Examples of using "Руками" in a sentence and their turkish translations:
Tom kollarını salladı.
Tom kollarını sallıyor.
kılıcını savurarak kendini savaşın derinliklerine attı
Onu her İki elinizle tutun.
Vazoyu iki elinle tut.
Kutuyu her iki elinle tut.
Ben ellerimle yemek yerim.
Ellerin yukarıda dışarı çık.
Tom her iki eliyle topu yakaladı.
Topu her iki elinle tut.
Maria yüzünü elleriyle kapattı.
- Bazı insanlar elleriyle suşi yer.
- Bazı insanlar suşiyi elleriyle yerler.
Tom yüzünü elleriyle kapattı.
Kitabım, kirli eller tarafından dokunulmamalı.
Ellerinizi koyduğunuz yere dikkat etmelisiniz.
Sabunlu ellerinle bana dokunma.
O ellerini sıkıca kulakları üzerinde tuttu.
Onu kendimiz yaptık.
Onu kendi ellerimle yaptım.
Çıplak ellerle tencereye dokunma.
Tom çıplak elleriyle bir balık yakaladı.
Tom iki eliyle ipi tuttu.
Eliyle ağzımı kapattı.
Ben Frankenstein'ı kendi ellerimle yarattım.
Bir tavşanı elle yakalamak zordur.
Onu sadece ellerin temizse al.
O, kollarını onun boynuna sardı.
Mary çıplak elleriyle tavşanı öldürdü.
O, ipi her iki eliyle kaptı.
O, çıplak elleriyle onu boğdu.
Beowulf çıplak elleriyle Grendel'i öldürdü.
Leyla el sallayıp sesleniyordu.
Onu görebiliyorum, orada kollarını sallıyor.
kendi elleriyle yaptığı ev.
sesi çatallaşıyor ve elleri titriyordu,
Seni çıplak ellerimle parçalayabilirim.
Birçok insan kızarmış tavuğu parmaklarıyla yemeyi tercih eder.
Kollarımı onun boynuna sarmak istedim.
Ben eve eli boş geldim.
Kirli ellerinizle buna dokunmayın.
Tom ipi iki eliyle yakaladı.
Kitaplarımı kirli ellerinle tutma.
Bu fırsata dört elle sarıl.
O her iki eliyle yazabilir.
Sanırım Tom iki elini de eşit olarak kullanabiliyor.
ellerimi nasıl kullanacağımı öğretmedi bana.
ellerimizle başımızı bu şekilde korumalıyız
öldürülene kadar iki eliyle saldırdı.
Tom eli boş gitmek istemedi.
Dün sadece ellerimle büyük bir balık yakaladım.

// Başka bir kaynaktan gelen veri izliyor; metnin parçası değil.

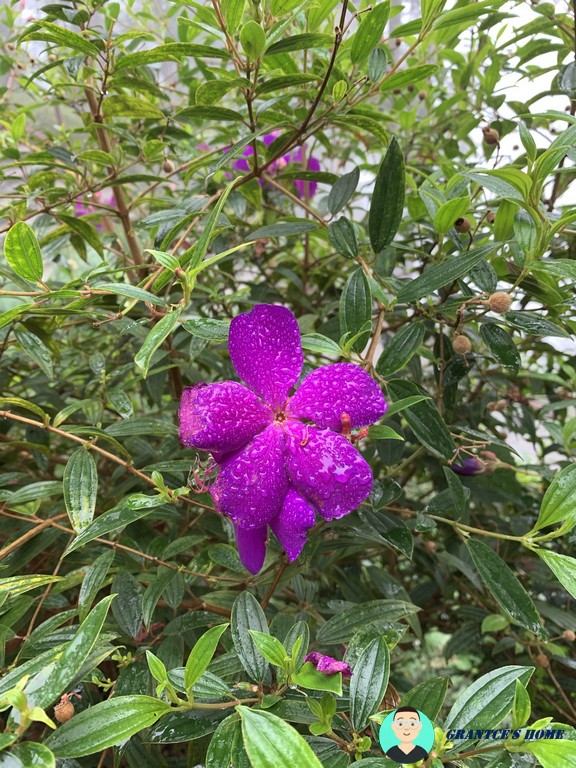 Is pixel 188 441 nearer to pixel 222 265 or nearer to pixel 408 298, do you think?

Tom Mary'nin dikkatini çekmek için kollarını salladı.
O, elleri havada olarak ahırdan dışarı çıktı.
Tom her iki eliyle de yazabilir.
Tom elleri yukarıda evden çıktı.
Onu görebiliyorum, orada kollarını sallıyor.
AC güç kablosunun fişine ıslak ellerle dokunmayın.
Ben çok yönlüyüm.
Ben böyle ellerle bir cerrah olmalıydım.
O, onun dikkatini çekme umuduyla kollarını salladı.
Bir adam çıplak elleri ile kazı yaparken görüldü.
Tom bana iki elini de aynı ustalıkta kullanabildiğini söyledi.
Ama aslında sadece kazıyoruz, ellerinizi kullanırsanız uzun sürmeyecektir.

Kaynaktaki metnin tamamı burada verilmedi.